*ASSIGNMENT:* In the entries below, count every line containing "Volkswagen". Return the number and nothing else.

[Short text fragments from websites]
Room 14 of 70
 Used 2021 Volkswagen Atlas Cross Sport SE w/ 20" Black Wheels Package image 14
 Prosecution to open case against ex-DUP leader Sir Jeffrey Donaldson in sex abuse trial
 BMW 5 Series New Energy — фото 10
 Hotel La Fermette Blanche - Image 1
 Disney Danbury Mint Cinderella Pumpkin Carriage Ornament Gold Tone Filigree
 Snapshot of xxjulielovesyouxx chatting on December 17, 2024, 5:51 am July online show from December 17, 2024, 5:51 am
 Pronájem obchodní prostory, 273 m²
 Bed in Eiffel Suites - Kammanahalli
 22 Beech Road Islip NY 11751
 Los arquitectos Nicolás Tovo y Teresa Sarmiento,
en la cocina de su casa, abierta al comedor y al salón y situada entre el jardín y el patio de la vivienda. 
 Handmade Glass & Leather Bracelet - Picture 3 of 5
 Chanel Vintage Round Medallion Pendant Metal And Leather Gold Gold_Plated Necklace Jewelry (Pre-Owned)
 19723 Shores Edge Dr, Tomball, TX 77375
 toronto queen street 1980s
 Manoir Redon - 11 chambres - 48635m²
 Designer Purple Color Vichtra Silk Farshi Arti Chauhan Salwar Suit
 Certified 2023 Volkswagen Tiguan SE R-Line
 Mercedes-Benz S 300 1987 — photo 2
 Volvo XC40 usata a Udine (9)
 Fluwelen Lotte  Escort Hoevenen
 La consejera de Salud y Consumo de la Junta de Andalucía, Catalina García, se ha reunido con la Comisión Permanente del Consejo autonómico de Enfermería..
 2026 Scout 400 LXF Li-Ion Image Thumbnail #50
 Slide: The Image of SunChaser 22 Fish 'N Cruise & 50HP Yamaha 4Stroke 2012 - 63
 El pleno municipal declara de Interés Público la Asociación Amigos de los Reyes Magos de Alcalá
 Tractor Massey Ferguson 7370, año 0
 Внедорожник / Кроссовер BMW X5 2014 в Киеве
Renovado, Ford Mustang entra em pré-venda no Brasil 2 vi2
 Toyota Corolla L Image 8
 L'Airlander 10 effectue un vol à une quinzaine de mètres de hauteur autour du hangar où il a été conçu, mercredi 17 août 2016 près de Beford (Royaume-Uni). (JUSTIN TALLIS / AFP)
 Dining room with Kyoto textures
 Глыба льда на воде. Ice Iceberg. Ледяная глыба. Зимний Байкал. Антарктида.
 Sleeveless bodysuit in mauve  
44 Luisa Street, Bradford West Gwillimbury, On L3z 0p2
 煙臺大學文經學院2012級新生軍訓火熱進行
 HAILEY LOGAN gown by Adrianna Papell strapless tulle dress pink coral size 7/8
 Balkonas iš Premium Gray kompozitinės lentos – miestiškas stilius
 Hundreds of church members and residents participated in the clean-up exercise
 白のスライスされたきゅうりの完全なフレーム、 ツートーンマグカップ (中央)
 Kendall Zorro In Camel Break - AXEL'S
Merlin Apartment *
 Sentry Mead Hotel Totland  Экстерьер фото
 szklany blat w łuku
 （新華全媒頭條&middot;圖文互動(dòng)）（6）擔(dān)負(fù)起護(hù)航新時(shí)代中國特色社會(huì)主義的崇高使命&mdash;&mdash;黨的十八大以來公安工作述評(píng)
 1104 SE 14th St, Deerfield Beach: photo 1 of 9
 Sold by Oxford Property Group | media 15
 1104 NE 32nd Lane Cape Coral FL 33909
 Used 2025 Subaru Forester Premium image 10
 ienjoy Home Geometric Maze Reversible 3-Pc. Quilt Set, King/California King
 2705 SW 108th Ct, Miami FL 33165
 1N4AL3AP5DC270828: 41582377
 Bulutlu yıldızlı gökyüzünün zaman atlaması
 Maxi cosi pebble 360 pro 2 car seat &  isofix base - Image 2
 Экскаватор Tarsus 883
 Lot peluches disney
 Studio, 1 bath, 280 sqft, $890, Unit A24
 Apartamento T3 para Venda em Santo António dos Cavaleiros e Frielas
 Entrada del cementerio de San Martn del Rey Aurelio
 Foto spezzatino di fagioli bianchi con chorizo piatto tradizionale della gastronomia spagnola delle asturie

*TASK RESPONSE:* 2